Das - oder sowas in der Art - “Eine Stadt… war der Titel “ einer alten WDR-Dokumentation über die VfL-Fans der späten Siebziger Jahre, mit den Leuten von BLUE WHITE PUNK, Waterman und Co.. Ich habe sie nie gesehen, leider, doch ich sah die irre Achterbahnfahrt der Gefühle am Sonntag dem 9.8.2009. Das Stadion war um 15.30 mit 30.000 erwartungsfrohen Leuten gefüllt, die an diesem schwülen Sonntagnachmittag Zeuge einer denkwürdigen Darbietung werden sollten. Dirk nicht, der hatte seine Dauerkarte zu Hause vergessen und sollte daher nur die Schokoladenseite des Bochumspiels sehen. Nach einer laut Reviersport “tollen, teambuildenden und sogar lustigen, aber konzentrierten Vorbereitung”, in der nur die Cervelatwurst im Trainingslager zu kritisieren war, legte der VfL Bochum los wie unter Valium. Ohne Verletzte und mit dem “irren Konkurrenzdruck im Kader” schein kaum ein Bochumer Spieler Bock auf die neue Saison zu haben und auch Gladbach hatte eingentlich eine Anfangsoffensive des Heimteams erwartet, doch die kam nicht. Stattdessen wurde Colautti, Arango und Bobadilla sowie Matmour genug Platz gelassen, um was zu probieren und das tat die Elf von Niederrhein dann auch. So nett eingeladen und durch die Passivität des VfL-Teams ermutigt, ließen die Fohlen erste Warnschüsse ab und ihre 10.000 Fans wurden wach.

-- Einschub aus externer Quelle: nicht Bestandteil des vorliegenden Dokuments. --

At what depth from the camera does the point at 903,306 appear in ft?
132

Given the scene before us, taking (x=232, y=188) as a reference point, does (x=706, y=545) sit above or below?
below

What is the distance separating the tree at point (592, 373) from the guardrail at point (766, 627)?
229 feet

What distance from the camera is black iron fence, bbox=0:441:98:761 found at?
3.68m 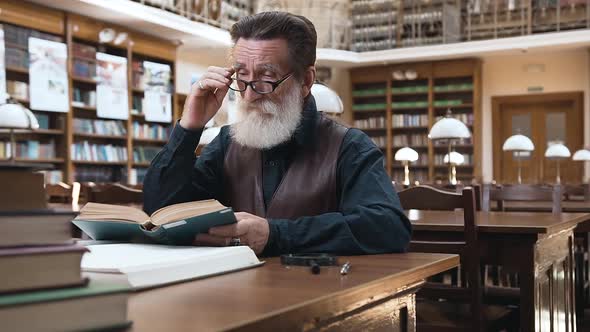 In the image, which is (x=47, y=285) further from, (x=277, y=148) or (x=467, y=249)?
(x=467, y=249)

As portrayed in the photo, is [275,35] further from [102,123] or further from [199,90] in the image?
[102,123]

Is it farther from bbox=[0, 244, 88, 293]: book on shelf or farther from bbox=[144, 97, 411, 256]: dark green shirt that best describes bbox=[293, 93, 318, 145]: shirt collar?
bbox=[0, 244, 88, 293]: book on shelf

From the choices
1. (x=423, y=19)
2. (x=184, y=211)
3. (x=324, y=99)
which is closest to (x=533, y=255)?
(x=184, y=211)

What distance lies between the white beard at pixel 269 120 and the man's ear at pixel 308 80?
0.04 meters

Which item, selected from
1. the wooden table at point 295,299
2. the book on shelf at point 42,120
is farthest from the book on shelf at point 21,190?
the book on shelf at point 42,120

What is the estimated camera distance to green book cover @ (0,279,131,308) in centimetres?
64

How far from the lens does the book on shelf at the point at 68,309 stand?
0.64 metres

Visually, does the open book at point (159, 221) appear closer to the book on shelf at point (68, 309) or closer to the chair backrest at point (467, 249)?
the book on shelf at point (68, 309)

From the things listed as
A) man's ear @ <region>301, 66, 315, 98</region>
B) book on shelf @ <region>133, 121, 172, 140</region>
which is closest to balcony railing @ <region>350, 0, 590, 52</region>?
book on shelf @ <region>133, 121, 172, 140</region>

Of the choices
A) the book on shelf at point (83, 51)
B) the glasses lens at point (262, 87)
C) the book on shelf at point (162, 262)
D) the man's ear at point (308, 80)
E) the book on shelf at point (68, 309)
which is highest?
the book on shelf at point (83, 51)

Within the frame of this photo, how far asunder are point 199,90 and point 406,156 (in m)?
5.46

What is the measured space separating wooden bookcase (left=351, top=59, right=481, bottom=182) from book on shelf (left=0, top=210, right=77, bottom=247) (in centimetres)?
1235

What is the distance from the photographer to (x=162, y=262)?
3.53ft

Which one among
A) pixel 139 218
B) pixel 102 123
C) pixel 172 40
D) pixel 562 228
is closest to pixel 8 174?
pixel 139 218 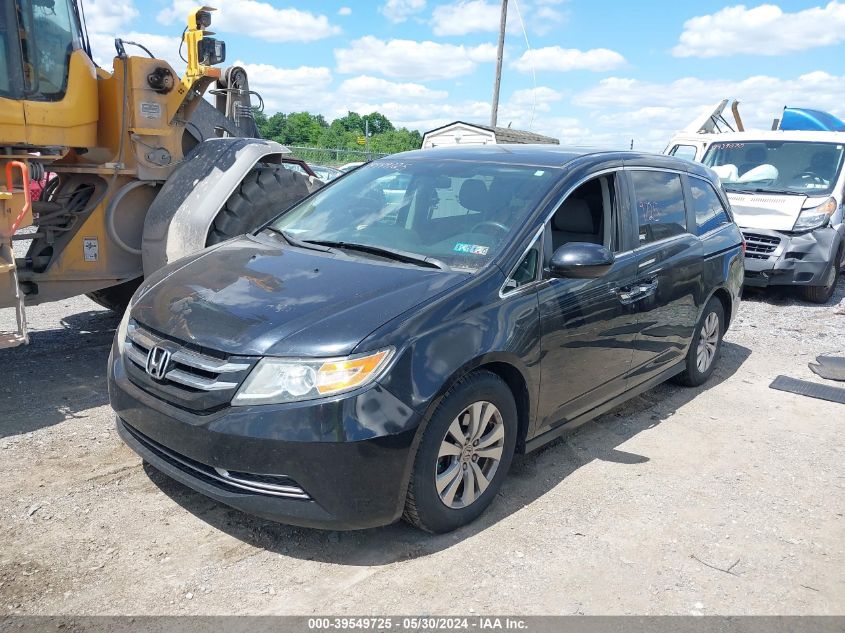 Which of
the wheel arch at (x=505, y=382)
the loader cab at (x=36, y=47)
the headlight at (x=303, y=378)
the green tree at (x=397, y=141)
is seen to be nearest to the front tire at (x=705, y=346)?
the wheel arch at (x=505, y=382)

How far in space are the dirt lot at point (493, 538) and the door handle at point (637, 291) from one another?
948 mm

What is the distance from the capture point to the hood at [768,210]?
915 cm

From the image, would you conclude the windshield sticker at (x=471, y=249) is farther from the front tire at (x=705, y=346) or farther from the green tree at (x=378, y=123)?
the green tree at (x=378, y=123)

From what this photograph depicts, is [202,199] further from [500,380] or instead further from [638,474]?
[638,474]

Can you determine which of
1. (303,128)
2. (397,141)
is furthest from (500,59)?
(303,128)

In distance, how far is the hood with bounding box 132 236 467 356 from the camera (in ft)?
9.62

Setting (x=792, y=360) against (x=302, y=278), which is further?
(x=792, y=360)

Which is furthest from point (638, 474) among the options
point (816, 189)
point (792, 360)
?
point (816, 189)

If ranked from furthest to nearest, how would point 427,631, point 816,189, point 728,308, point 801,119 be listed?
point 801,119 → point 816,189 → point 728,308 → point 427,631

Das 0-1 fiel dann nicht unverdient durch den Malle-Dribbler Arango (Vorlage Colauti), der vor Neuville den Vorzug erhalten. Der VfL4u-Micha hatte im Vorbericht sinnigerweise einen “Tango mit Arango” angekündigt und so kam es dann phasenweise auch, die spanischsprachige Angriffsreihe der Mönche durfte wirbeln - unbehelligt. Das Kollertam stand fast  immer zu weit weg und war null Prozent bissig wie gegen Frankfurt . Dass der ungallige VfL etwas aufwachte und durch Maltritz, Epalle und Pferzel zu leichten Chancen kam, stellte sich leider nur als Strohfeuer heraus. Epalle beispielsweise war “stehts bemüht”, aber als 10er ist er einfach oft zu kopflos. Der Rest, vor allem Fuchs, Aza, Dabor (auf der falschen Posi) und die Innenverteidiger gingen in dieser Phase total unter - Noten 5-6 bis dato. Gladbach überrascht von Bochums Konfusion und  nutzte nun beherzt das Chaos im Kollerteam und auf Flanke von Levels köpfte nun Colautti ein, hier halfen Maltritz und Pferzel dem Torhüter Heerwagen zu wenig - wieder ein Kopfballgegentor. Das 0-2 war mittlerweile hochverdient und der Frust der 20.000 Bochumer auf den Rängen wurde spürbar und wich dem Entsetzten als Brouwers einen Heerwagenfehler zum 3-0 ausnutzte - per Kopf versteht sich. Nun kochte die Volksseele im rechten Teil des Stadions (vom Block A aus betrachtet). Die unverständliche Hetzkampagne einiger Journalisten (plus das unhinterfragte Abschreiben der großen Masse der Medienzunft) hatte der Verein eine Anzeige in der Reviersport entgegengesetzt, wo die Verbundenheit (Liebe?) mit den Fans demonstriert werden sollte. Doch was zählt ist auffem Platz. Genau wie Kollers Teambuilding auf dem Säntis von Kälte bestimmt war und raschen Winden, brach nach dem 0-3 die Wut der Fans auf die Mannschaft herein, es gab “Koller raus”-Rufe, Pfiffe dagegen, “wir ham die Schnauze voll”-Rufe und der Mythos vom Bökelberg feierte mit “Spitzenreiter”-Gesängen die temporäre Tabellenführung vor Wolfsburg um 16.12 Uhr. Sollten die Siebziger wieder aufleben und sollte Gladbach endlich nach 1995 endlich wieder im Ruhrstadion siegen? Es sah verdammt danach aus. Dann kam Dirk. Er hatte das alles auf Radio 98,5 gehört und war geschockt wie alle echten Bochumer. Mit ihm und Paule Freier kam die Wende. Vielleicht war ja Koller sogar laut geworden in der Kabine.  Wer weiß…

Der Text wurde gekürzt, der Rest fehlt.